Aku memang menyukai kepada
mereka pejuang keluarga yang tangguh, kalau memang ada yang inspiratif
ya...tetap aku korek kehidupan pribadinya aku ambil sisi-sisi kesabaran,
ketabahan, ketelatenan dan keuletan. Aku mengambil lagi judul tentang pedagang
pukis karena masih banyak yang harus digali.
Sambil menunggu kue pukis
dalam keadaan matang, aku menyempatkan diri menyela diantara ruang gerak kedua
tangan memilah kue satu dengan kue lainnya. Agar tidak terlalu jauh
konsentrasi, pertanyaan aku mulai dari
segita pandangan, tangan dan pikiran melahirkan ucapan jawaban. Bapak
penjual pukis pun tak merasa ada yang aneh tentang segala pertanyaan yang
singkat tapi jawabannya dia sedetail-detailnya. Tipe orang ini sebenarnya suka ngobrol apa mungkin karena ia sebagai
pendagang harus beusaha ramah kepada siapapun? Ada gak ya korelasinya?heemm...
“Pak ini cetakannya beli
dimana?”, tanyaku penuh penasaran.
Tangan bapak penjual masih
mengambil kue yang sudah matang. Selang beberapa detik kemudia beliau menjawab,
“Ini dulunya saya dipinjemi sama bos pukis
asli Kebumen. Kebetulan satu jama’ah dengan saya. Orangnya baik kok, dia mau
ngajarin saya buat dagangan pukis. Waktu
pertama kali saya dagangnya di Lapangan Mataram. Setelah saya bisa sendiri
akhirnya saya izin untuk buka sendiri akhirnya sampai sudah berdagang disini,
tapi alhamdulillah cetakan ini sudah aku bayar 125 ribu, kalau beli sendiri
sih...ndak boleh mungkin bisa 300 ribuan.

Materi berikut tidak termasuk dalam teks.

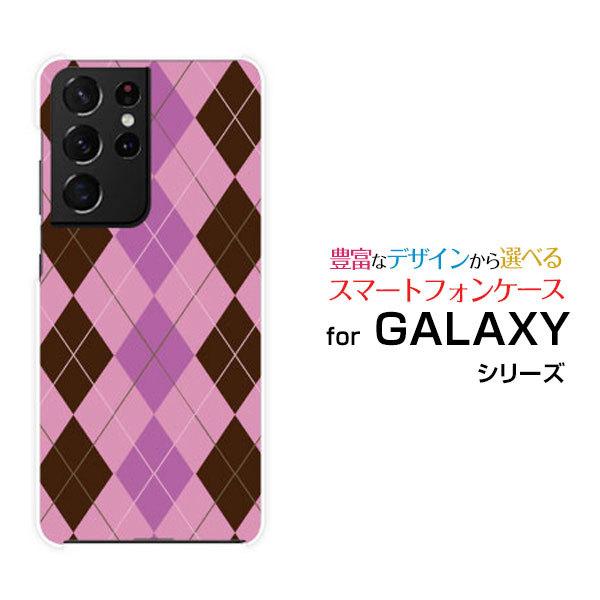 Galaxy S21 Ultra 5g Sc 52b Scg11 Docomo Au スマホ ケース カバー ハードケース ソフトケース ギフト Argyle アーガイル Type006 Gs21u5 Argyle006 ブランチベリー 通販 Yahoo ショッピング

Nama bos pukis ini Ali biasanya orang
memanggilnya, orangnya janggutan sama seperti saya”, papar beliau meletakkan 10
kue pukis garing ke dalam kardus pesananku.
Terakhir senyuman kecil menyapu suasana mendung diantara ucapan terima kasih yang memisahkan pertemuanku hari ini.
Terakhir senyuman kecil menyapu suasana mendung diantara ucapan terima kasih yang memisahkan pertemuanku hari ini.